An AI trigger connects an event (e.g. a tripped log alert rule or an unhealthy container) with an autonomous agent run. You define when it fires and which instruction the agent then receives.

Here too: the autonomous run is bounded by guardrails and approvals: sensitive steps still come to you for confirmation.

Scheduled tasks & webhooks

Plan recurring actions and trigger actions from outside.

Scheduled tasks

Under Automation > Scheduled tasks you plan recurring actions with a cron expression: container restarts, image updates, self-backups, cleanup jobs and more. Every run lands in the audit log.

Incoming webhooks

Webhooks trigger actions from outside, e.g. a redeploy from CI. Every webhook has a mandatory secret; calls must be signed over the raw body with an HMAC signature (X-Hub-Signature-256) — compatible with GitHub, GitLab and Gitea. The secret is shown exactly once.

Backup & restore

Back up Whiskers’ own data and restore it crash-safely.

Self-backup

Under Settings > Backup Whiskers backs up its own data directory (server list, vault, metrics, keys) as a tar.gz — optionally encrypted (AES-256-GCM, derived from VAULT_KEY). Also available as a scheduled task with retention. Separate from this, volume backups for your containers’ data remain available.

Restore

You restore a backup via upload: Whiskers validates it, automatically creates a pre-restore backup, enters maintenance mode and swaps the data crash-safely on restart. Encrypted backups require the same VAULT_KEY.

Notifications

The bell, channels and deep links.

The bell

The bell at the top right collects events: image updates, unhealthy/crashed containers, new CVEs, log alerts, approvals, metric outliers and more. The number shows unread items; a click opens the list and marks everything as read.

Channels & deep links

Besides the in-app bell, Whiskers can additionally send to Mattermost or Matrix. Many notifications are clickable and jump straight to the right place: e.g. an image update directly to the affected container.

Settings

Editable app settings and metric alerts.

Changing settings

Under Settings you adjust behaviour: grouped by topic. This includes metric alerts: thresholds for CPU/RAM beyond which you get notified. Settings are writable by admins only.

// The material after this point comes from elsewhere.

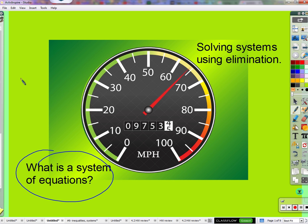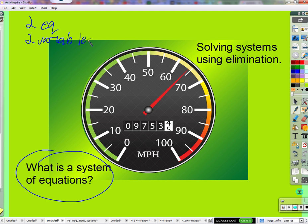For us right now, the systems we're working with are systems of two equations in two variables — almost all linear equations.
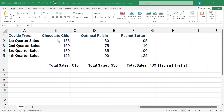Here I have sales information from a fictional cookie company, and I have total sales for each of these three kinds of cookies, but I would like to calculate the grand total number of sales.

MCP server (AI connection)

Connect external AI clients such as Claude Code.

What MCP is

Whiskers exposes its capabilities over the Model Context Protocol (MCP). An external AI client (e.g. Claude Code) connects to the MCP endpoint and can then: within its permission: list containers, read logs, run commands and so on.

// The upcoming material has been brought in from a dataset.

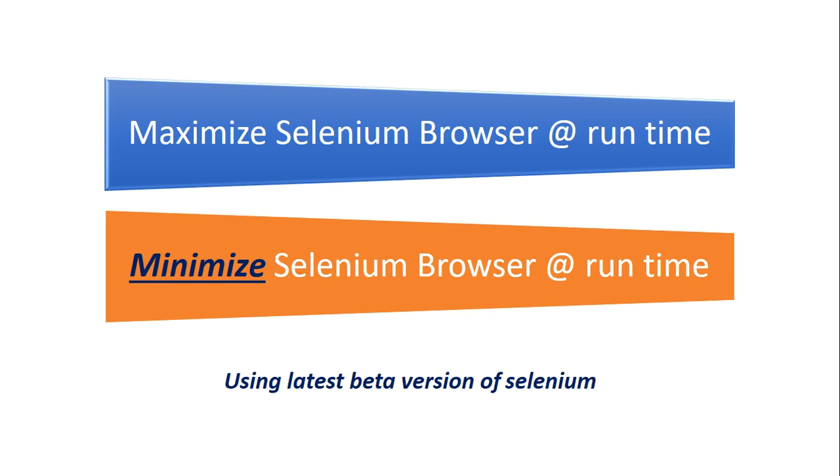When we minimize it, does the execution interrupt? No. The beauty of this functionality is we can minimize the browser and the execution happens smoothly. Also, you can parallely do your own task even when the execution is in runtime.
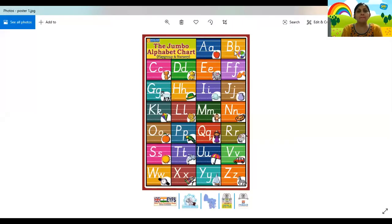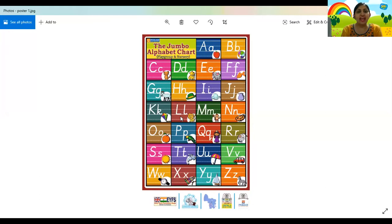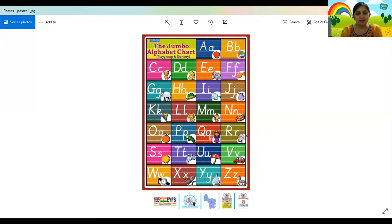A, B, C, D, E, F, G, H, I, J, K, L, M, N, O. Come on children, keep reciting. P, Q, R, S, T, U, V, W, X, Y, Z. Great job children.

AI client e.g. Claude Code MCP + API key Permission read / write / admin Tools Agent history every call logged
MCP flow: AI client → permission → tools → server

API keys & permissions

Under Settings → MCP you create API keys. Each key has a level:

  • Read: read only (list, inspect, logs).
  • Write: additionally modify (start/stop, deploy, commands).
  • Admin: everything.

Alternatively you restrict a key to an explicit tool list. Every call lands in the agent history.

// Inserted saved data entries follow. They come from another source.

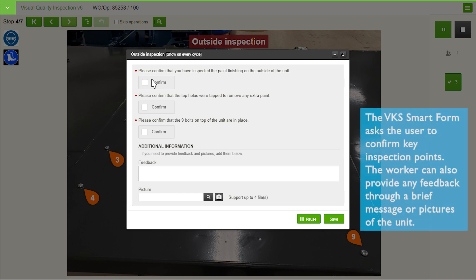The VKS smart form asks the user to confirm key inspection points. The worker can also provide any feedback through a brief message or pictures of the unit.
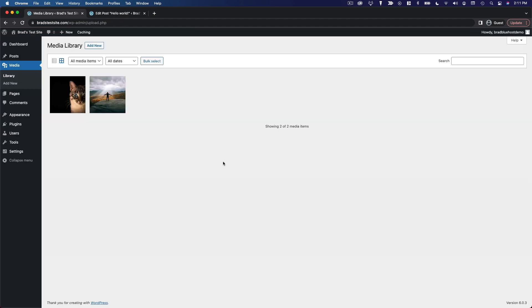So all of your media gets consolidated to this one easy interface. And then you can access these files and reuse them across multiple posts and multiple pages. So you don't have to upload the same file multiple times.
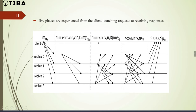In the first phase, the client initiates a service request to the cluster. In the pre-prepare phase, the leader node (replica 0) verifies the request message and assigns sequence number N, broadcasting to backup nodes (replicas 1, 2, 3). In the prepare phase, each backup node verifies the request and if it accepts the assignment, broadcasts the prepare message to all other nodes. All replicas are required to reach a globally consistent order at this stage.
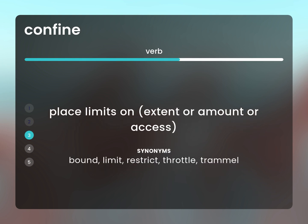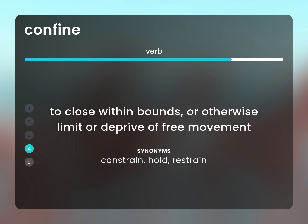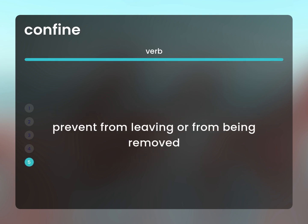Bound. Limit. Restrict. Throttle. Trammel. To close within bounds or otherwise limit or deprive of free movement. Constrain. Hold. Restrain. Prevent from leaving or from being removed.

Topology, Compare, Audit & Health

The remaining analysis and traceability tools.

Topology

Overview → Topology draws a network diagram: which containers sit in which Docker networks. Good for seeing dependencies and isolation.

Compare & audit log

  • Compare: puts configurations/states side by side to find deviations.
  • Audit log: a complete history of all user actions (who started/stopped/changed what and when). Complements the agent history (AI actions).

Health reports

Overview → Health reports summarises the fleet's health: unhealthy containers, restart loops and conspicuous hosts.

Themes & branding

Changing the look.

Switching theme

Via the palette icon at the top right you pick the mode — light, dark or system (follows your OS live) —, the colour scheme (Ember, Aurora, Ocean, Nebula, Rose) and the language (English/German). The choice is stored in your browser. The logo in the sidebar tints to match the active theme.

By the way: you can try exactly these five themes here on the website too, via the palette icon at the bottom right.